Task material section start
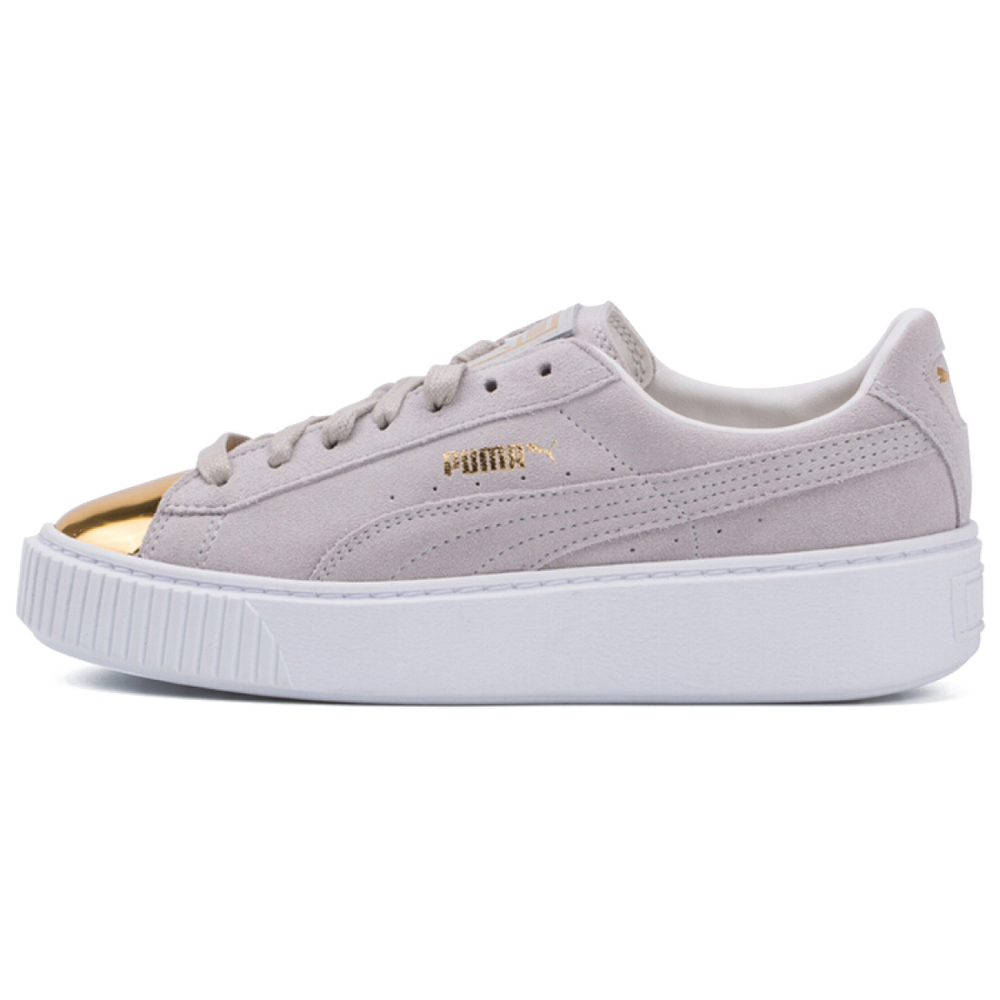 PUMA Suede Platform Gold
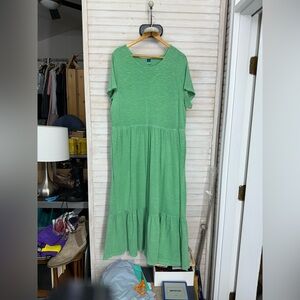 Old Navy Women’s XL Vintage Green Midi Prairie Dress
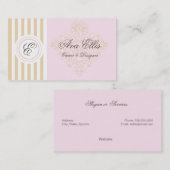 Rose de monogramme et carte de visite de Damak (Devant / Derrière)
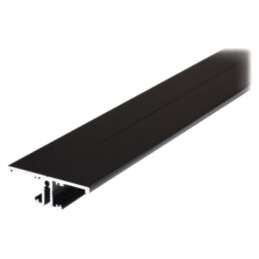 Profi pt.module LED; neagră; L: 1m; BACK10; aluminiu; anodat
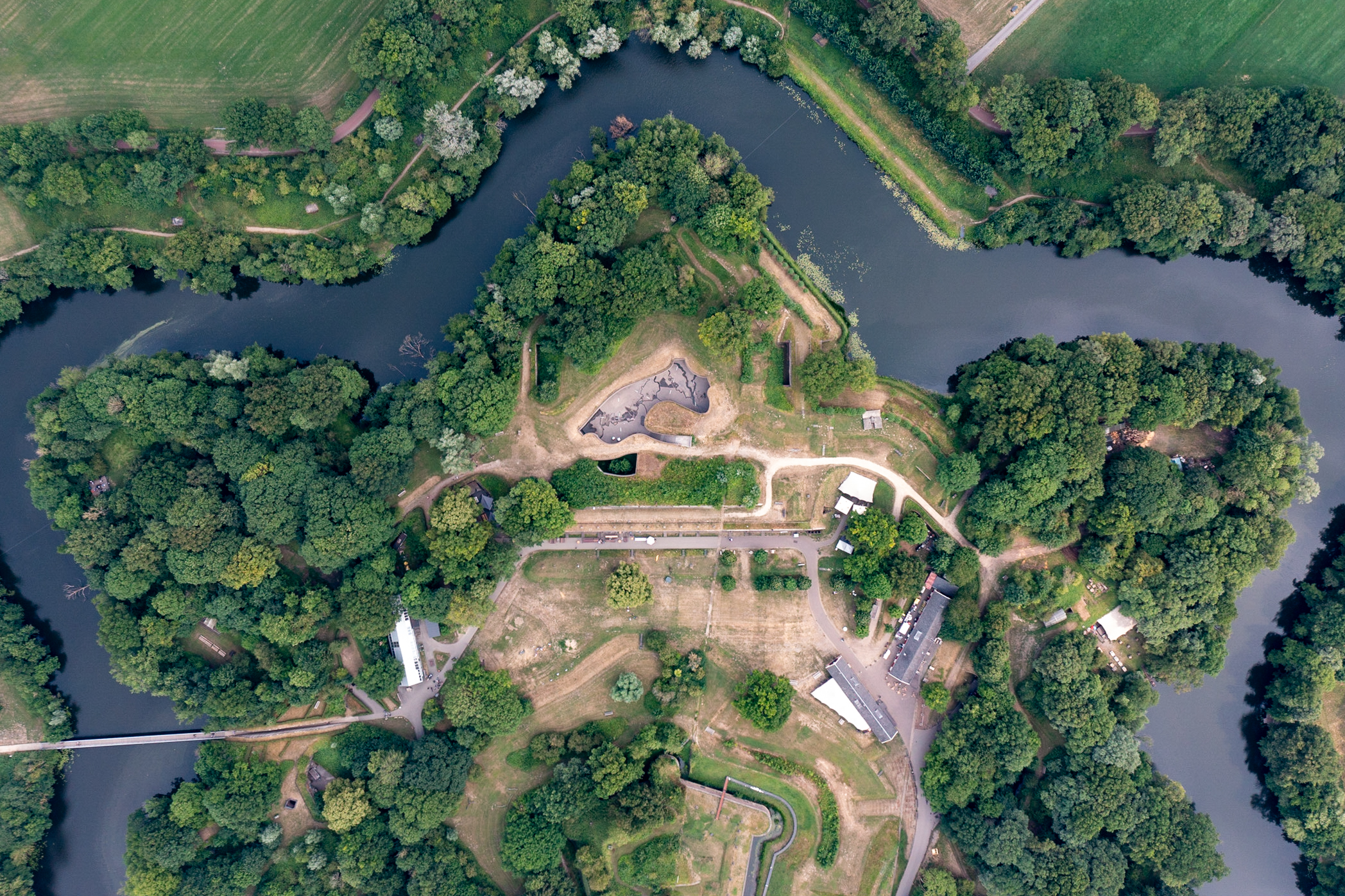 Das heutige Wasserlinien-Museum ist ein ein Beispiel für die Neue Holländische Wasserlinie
Task material section end
Task material section start
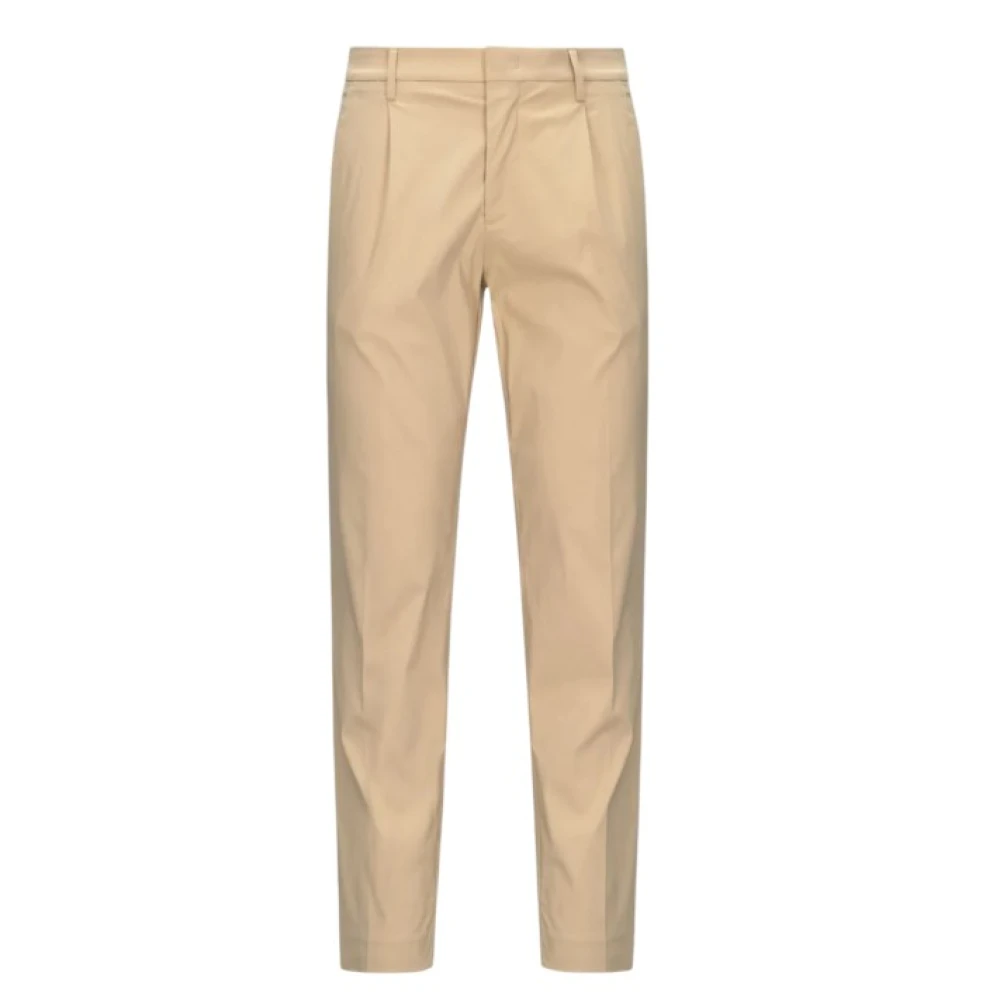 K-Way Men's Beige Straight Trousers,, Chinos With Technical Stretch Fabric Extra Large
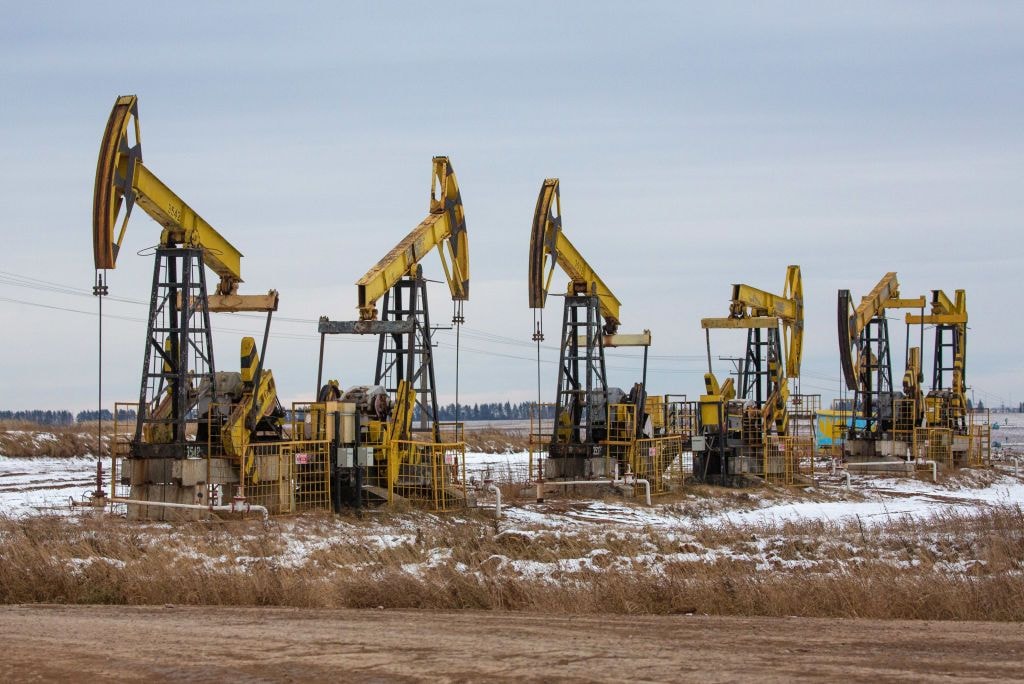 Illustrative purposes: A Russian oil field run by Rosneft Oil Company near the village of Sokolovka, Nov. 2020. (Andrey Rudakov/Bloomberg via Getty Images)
Task material section end
*Task details*.
Take the entries above and copy exactly the lines starting at the one with "K-Way Men's Beige" and ending at the one with "Illustrative purposes: A"; nothing outside that span, and no pictures.

*The answer*.
 K-Way Men's Beige Straight Trousers,, Chinos With Technical Stretch Fabric Extra Large
 Illustrative purposes: A Russian oil field run by Rosneft Oil Company near the village of Sokolovka, Nov. 2020. (Andrey Rudakov/Bloomberg via Getty Images)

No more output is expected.